Date Posted: December 8 2006

By Stuart Appelbaum

It is no secret that the Democratic national election victory has less to do with who the Democrats are than who they are not. But while voter outrage over the Republicans' handling of just about everything carried Democrats across the finish line, it will take more than Bush-bashing to keep them there.

What's a party to do? Here is my suggestion: Reform labor laws first. This may seem obscure, but the truth is that it is one of the most significant problems the Democrats could take on. It is also one that could yield enormous political dividends for them in years to come.

Unions, of course, have been under the gun for some time. Today, the illegal firing of workers who attempt to organize is commonplace. Under the control of Republican appointees, the National Labor Relations Board has further fanned the flames of employer resistance to organized labor.

In a series of recent decisions the labor board even gave a green light to business efforts to reclassify millions of workers as supervisors, thus robbing as many as eight million Americans of their right to collective bargaining.

While the decline in unionization has thrilled labor's conservative opponents, it has exacted a huge toll on Michigan. Historically, unions have enabled Americans, who might otherwise live in poverty, to join the middle-class.

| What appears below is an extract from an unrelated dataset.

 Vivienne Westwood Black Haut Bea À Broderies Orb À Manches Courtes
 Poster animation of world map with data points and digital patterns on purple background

They still can. On average, unionized workers' wages are 29 percent higher than their nonunion counterparts. What's more, only 16 percent of nonunion workers have guaranteed pensions, compared to 73 percent of union workers. No less significant, more than 90 percent of unionized workers have jobs that provide health insurance benefits, by virtue of having the right to collectively bargain.

The problem is not that Democrats in Congress are anti-union. Today, virtually all of them are co-sponsors of the Employee Free Choice Act; a bill to ease the ability of workers to organize and more effectively punish employers who violate labor laws.

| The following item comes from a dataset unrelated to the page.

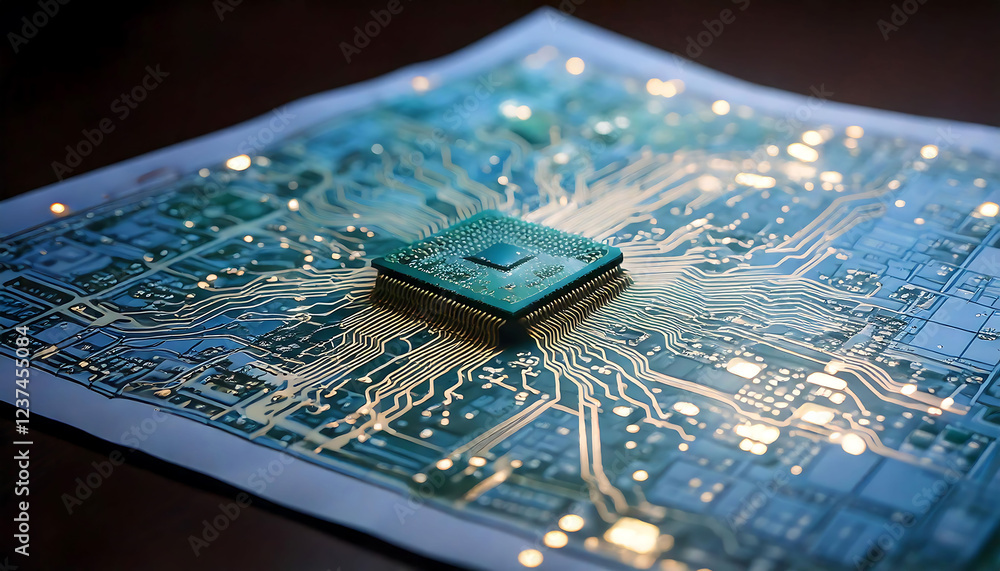 Poster close-up shot of a microprocessor on a circuit board, glowing with soft light. perfect for illustrat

The problem is that Democrats too often consider reforming labor laws to be a niche issue: a priority for union officials alone. It doesn't have to be that way. Instead, Democrats can make the revitalization of America's unions a cornerstone of their economic agenda. It would be in their interest to do so.

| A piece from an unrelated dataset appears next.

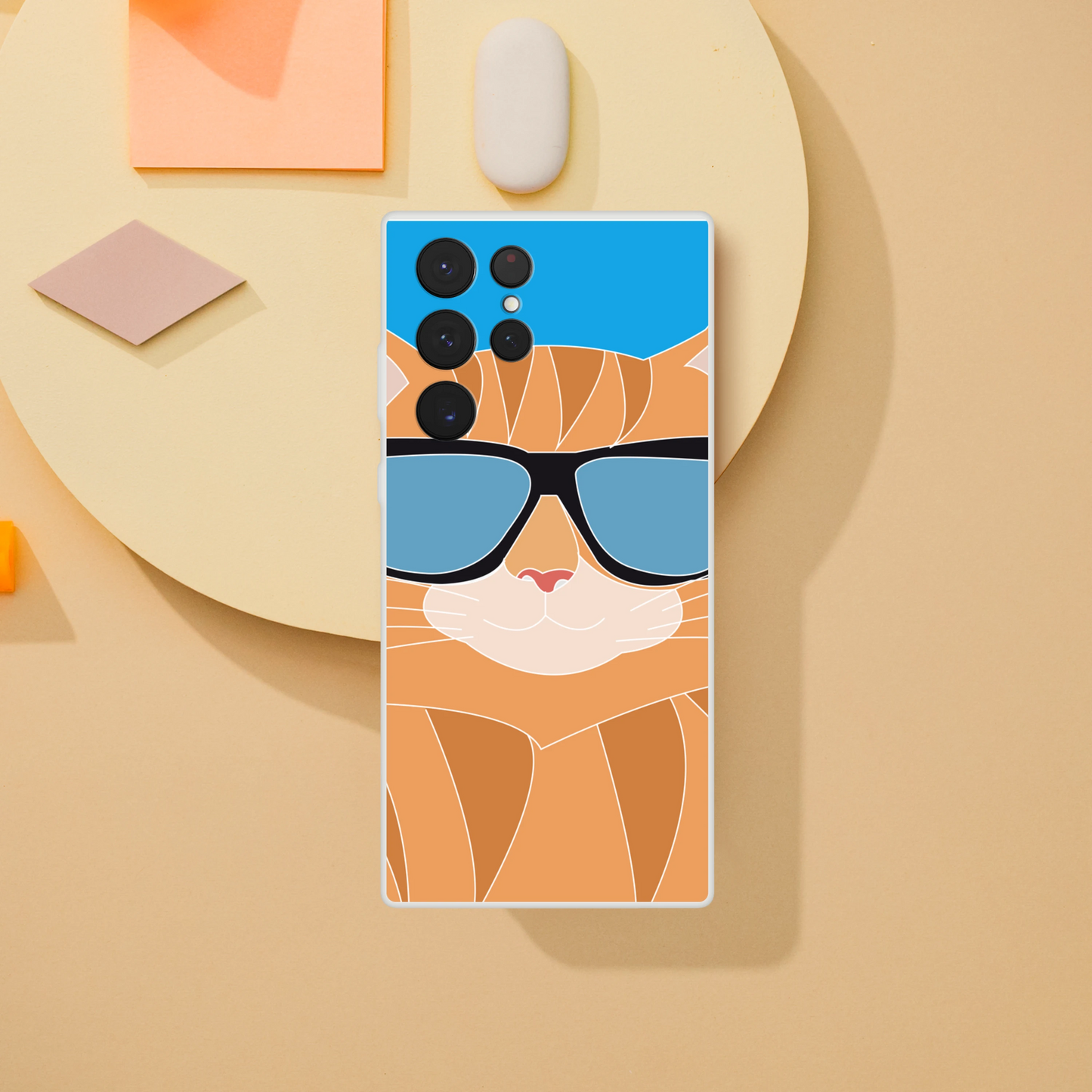 Cool Cat Phone Case — Funny Illustrated Sunglasses Cat Cover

A new study by labor expert Jim Grossfeld for the Center for American Progress, points out that even well educated white collar workers feel they are treading water as they face growing economic uncertainties. Many see their careers tanking. Instead of shying away from unions, he urges political progressives to show how organized labor can help them succeed in the new economy.

Now that Democrats have won the power to set the agenda in the next Congress they will need to move fast to demonstrate that they have something substantive to offer U.S. workers, blue and white collar alike. Sure, let's raise the minimum wage and make college more affordable. But Democrats can do more than
that: they can move to strengthen the right to organize and, with it, give all Americans a stronger voice on the job and more control over their own future.

Unions, they may discover, are an old idea whose time has come.